Quand je vais à l’encontre de mes convictions, je sais que je dois être authentique avec moi-même. Tout ce qui m’arrive aujourd’hui contribue à ma croissance personnelle car on ne finit jamais de grandir, et cela me permet de me libérer de tout ce qui n’est pas bon, tout ce qui pompe mon énergie. J’ai cessé d’avoir peur du temps libre, ne sachant que faire ; j’aime ce que je fais car ma nourriture c’est l’amour de l’autre en simplicité. Il a fallu que je me rende compte de toutes les fois où je me suis trompé sur les autres et surtout sur moi. Quand on met sa tête au service de son cœur, elle devient une alliée pour oser la rencontre dans le respect de l’autre tel qu’il est, le rendre visible dans ce monde.

Le 19 avril dernier est une journée exceptionnelle. Je viens de rencontrer des hommes détenus à la prison de Rennes, rencontre que je pourrais intitulée « Entre les murs ». Je me suis senti tout de suite proche d’eux. Ils m’ont permis de percer ce que renferme leur cœur, un cœur fragile, blessé, mais riche de l’amour qu’ils portent à Dieu. L’un d’entre eux a lu un texte que j’avais écrit avec une telle conviction qu’on le sentait imprégné de ce texte. Pourquoi ils étaient là importait peu pour moi et pour Joëlle qui m’accompagnait. C’était l’instant présent, rempli de cette espérance, qui, à travers mon témoignage, venait nous apporter une confiance réciproque. Il n’y avait plus de ‘’Monsieur Le Hir’’, c’était Marcel, Jean-Pierre, Daniel et tous les autres.

Ils m’ont fait comprendre l’entraide qu’il y a entre eux quand un est dans le besoin, cette écoute qu’ils ont, certains se reconnaissant dans mon témoignage.

Voici une rencontre qui, une fois de plus, me permet de réfléchir sur le monde carcéral, m’apportant cette conviction que le jugement que l’on peut porter sur ces personnes ne concerne pas l’homme mais bien Dieu. Lui seul connaît ce que renferme leur cœur, cette petite flamme qui ne demande qu’à être rallumée. On ne doit pas gâcher cet espoir, je l’ai compris à leur poignée de mains et leur regard au moment du départ, me disant : « Reviens quand tu veux Marcel. » Cette compassion qu’ils manifestent à mon égard, toute cette confiance qui s’est installée pendant les deux heures que nous avons été ensemble, à travers mon témoignage ; on ne se connaissait pas, l’Esprit Saint est intervenu pour faire renaître une liberté intérieure par l’espérance.

Preuve une fois de plus que la rencontre est bénéfique quand elle est vécue dans l’amour du Christ.
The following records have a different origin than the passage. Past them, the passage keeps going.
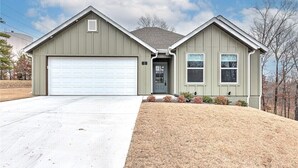 Ein eingeschossiges Haus mit Garage, Eingangstür und einer kleinen Veranda.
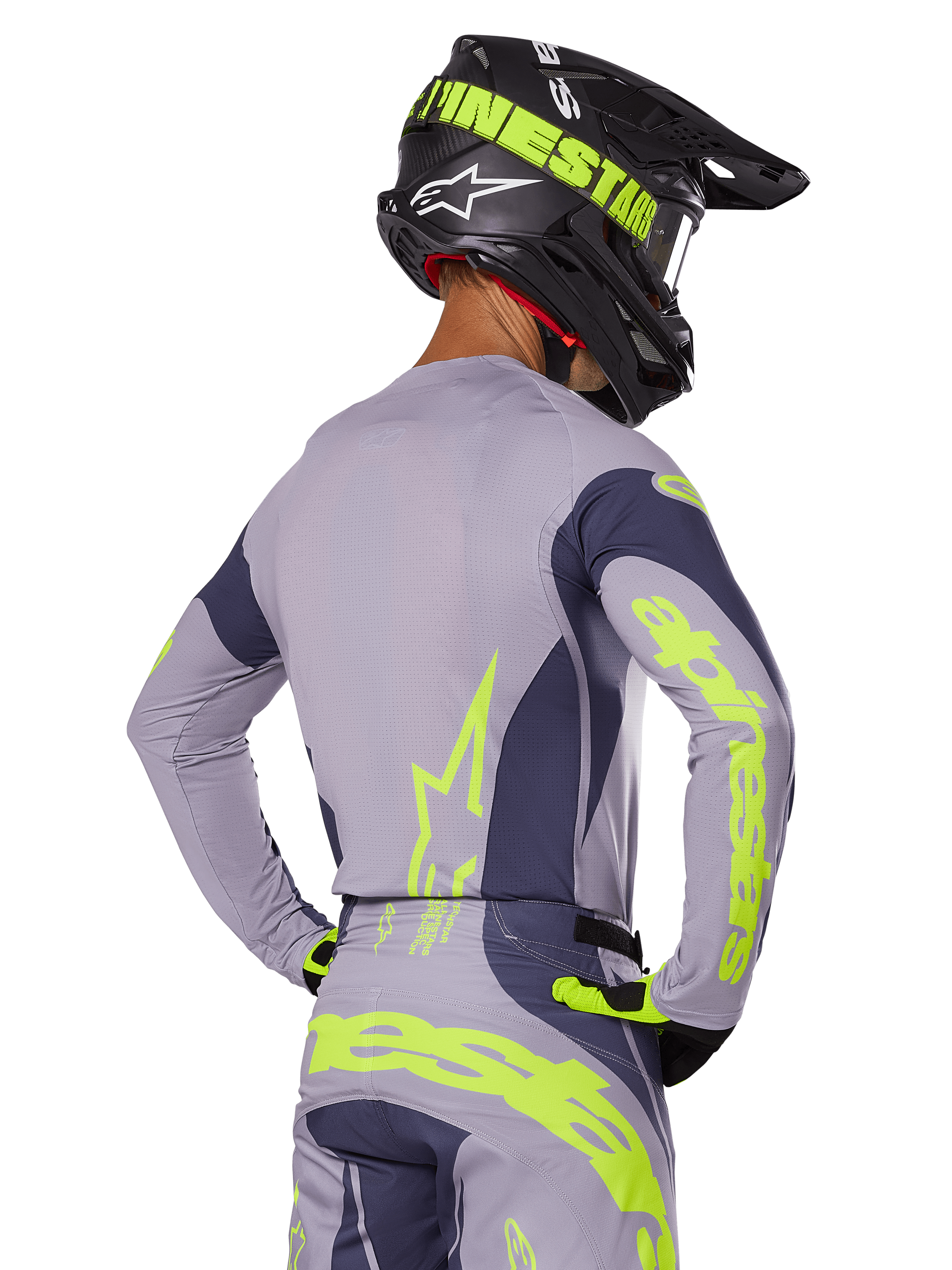 Pilota di motocross visto da dietro che indossa il set Alpinestars Techstar Dreem 2025, maglia e pantaloni grigi con vivace branding giallo-verde neon, casco nero coordinato con grafiche neon, completo professionale da motocross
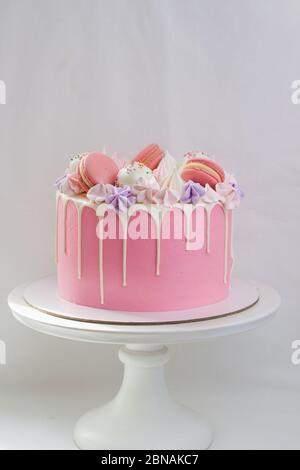 Dolce rosa decorato con cioccolato bianco fuso, macaroon, meringhe, torte pop e caramelle su cakestand bianco. Sfondo semplice. Foto Stock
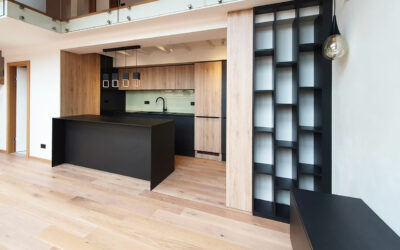 Kuchyň do podkroví s otevřenou knihovnou s černou pracovní deskou z kompaktního laminátu.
Toute rencontre fait naître et permet de rentrer en liberté, pour cela il faut oser, accepter l’inconnu ; ne pas savoir à l’avance ce qu’il y a devant ; l’inattendu c’est forcer le passage car ce n’est pas le passé qui doit bloquer mais plutôt d’aller chercher l’avenir qui rendra cet homme ou cette femme « berger » alors qu’ils étaient des brebis égarées.

Le drame du péché c’est qu’il ne se conjugue qu’au passé, alors que le mot aimer se conjugue à tous les temps.

Je ne pourrais écrire ces lignes si je n’avais été affecté par ces rencontres. La force de vie à travers l’amitié et la foi, cette force supérieure qui aplanit les douleurs des turbulences de la vie. Ces rencontres m’ont permis de pouvoir m’arrêter pour me concentrer, écouter, apprendre à donner toute mon attention.

J’étais dans un tunnel et j’ai pu voir la lumière au bout de ce tunnel pour renaître vers l’espérance et voir toute cette beauté, celle qui entoure l’amitié, comme un coup de foudre, de pouvoir enfin retrouver une saveur à la vie, de pouvoir s’étonner de ce qui surgit dans notre histoire comme une grâce inattendue. « Quelle richesse ces rencontres. » Il n’y a pas de mode d’emploi, ou plutôt si, c’est de s’accepter tel qu’on est pour accepter celui que l’on rencontre tel qu’il est : plus on attend Dieu, plus il est l’inattendu et très souvent, je l’aperçois, je le touche à travers mes rencontres car à travers celles-ci j’apprends à parler à Dieu puisqu’avec Lui je parle couramment « l’étranger ». Il me permet d’aller vers mon prochain sans distinction. « Oser » la rencontre sans déguisement.